Si, d’ici la fin de la présidence tchèque de l’UE, le 31 décembre, aucune solution n’est trouvée à l’échelle européenne, il faudra s’inspirer de l’Allemagne, estime encore Deník. Autrement dit, apporter une aide très élevée aux entreprises.

Le centenaire de la naissance de Gérard Philippe ne passe pas inaperçu en RT

Le quotidien Lidové noviny a rappelé le centenaire de la naissance de Gérard Philippe. L’acteur français est venu au monde le 4 décembre 1922. L’occasion pour l’auteure qui a retenu cet anniversaire de remarquer :

Gérard Philippe dans Le Cid en 1954 | Photo: Wydawnictwa Artystyczne i Filmowe,  Warsaw,  Poland/Wikimedia Commons,  public domain

« Gérard Philippe est la plus grand idole de l’après-guerre.

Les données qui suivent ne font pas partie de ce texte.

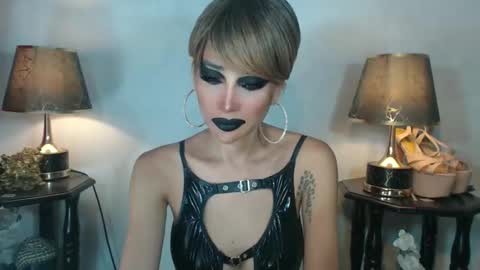 Snapshot of sexylusty2258 chatting on 10.10.25 Queen Sofia online show from 10.10.25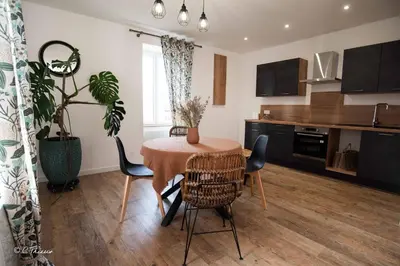 Cuisine ou kitchenette dans l'établissement LA DOLOREANNE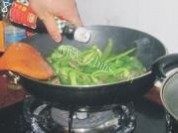 家常菜青椒炒腊味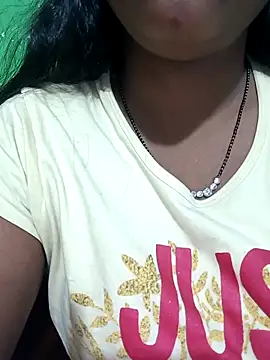 Snapshot of Parul-009 chatting on 11, 3, 2026 Parul-009 online show from 11, 3, 2026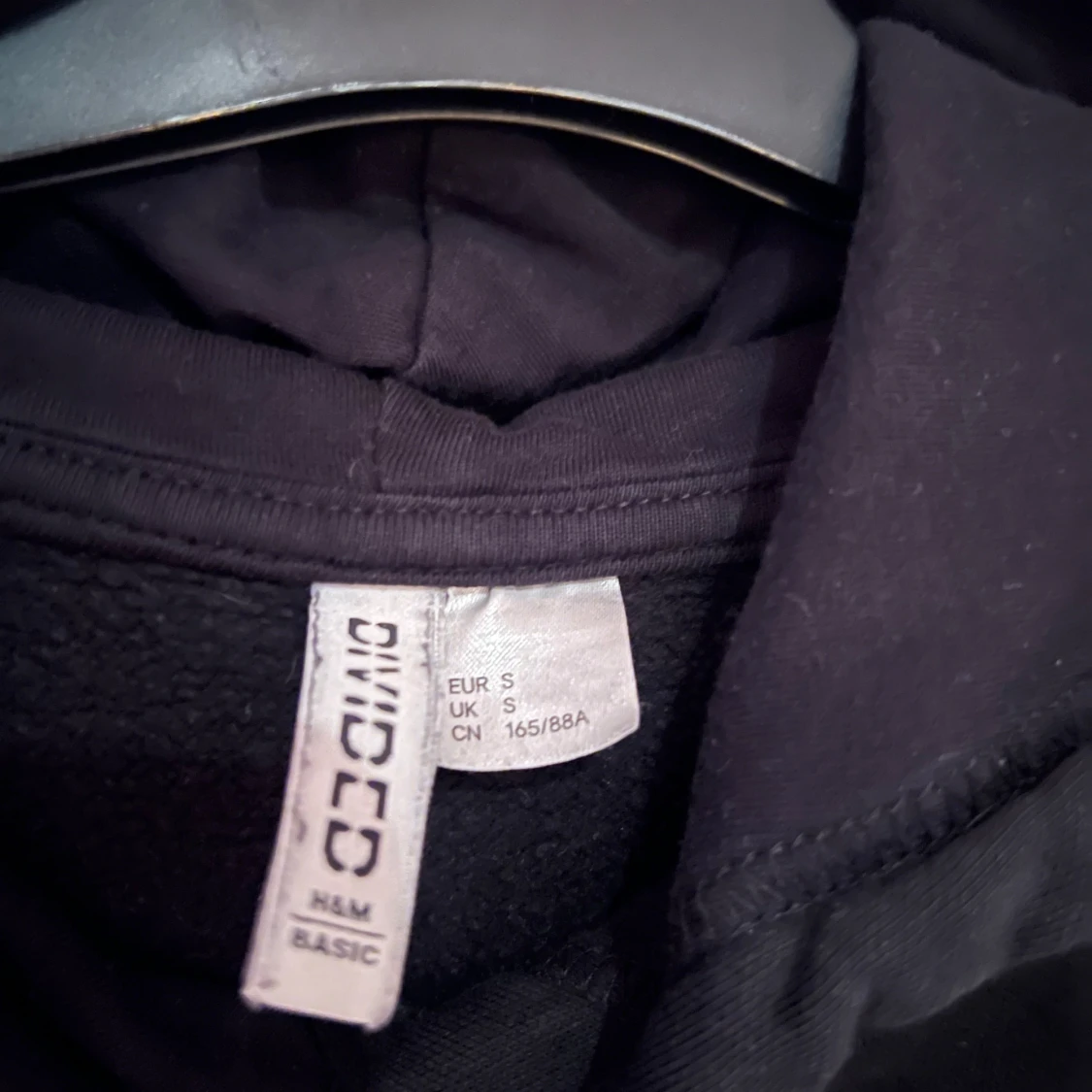 Svart hoodie från H&M  - 1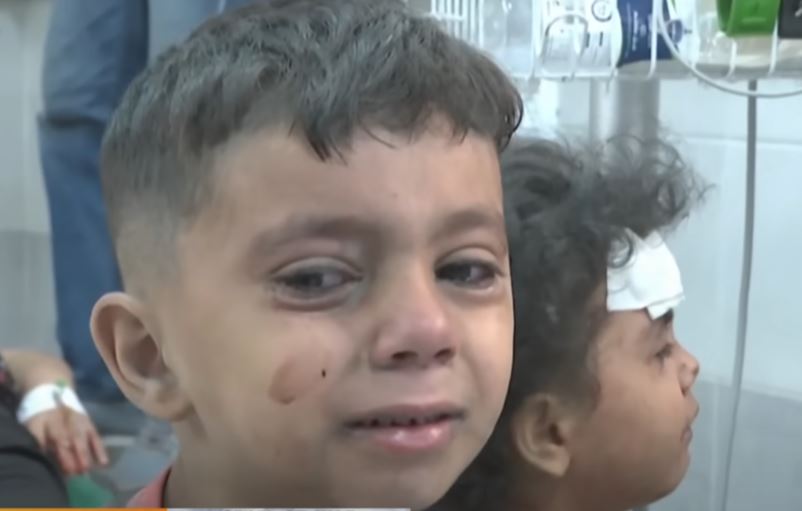 Γάζα: Με σχεδόν 3.500 νεκρά παιδιά ο Νετανιάχου συγκρίνει τον πόλεμο με των αγώνα των Συμμάχων κατά των Ναζί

Même sa mort précoce n’a pas amoindri sa gloire. Si, en France, des écoles, des théâtres, des festivals ou des rues portent son nom, en Tchéquie il reste un des plus grands, populaires et séduisants acteurs français. Il demeurera à jamais jeune et beau, une incarnation de la jeunesse et des élans de son époque. L’époque de la fin des années 1940 et des années 1950 qui, chez nous, était sombre mais qui, dans le monde libre, était empreinte d’un nouveau souffle  dynamique ».

Lidové noviny rappelle aussi que Gérard Philippe s’est présenté en 1955 avec le Théâtre national populaire à Prague, dans les rôles du Cid et de Ruy Blas. Le journal évoque également le nom d’Anne Philippe, l’épouse de l’acteur et son engagement en faveur de la Charte 77, une pétition des dissidents tchécoslovaques.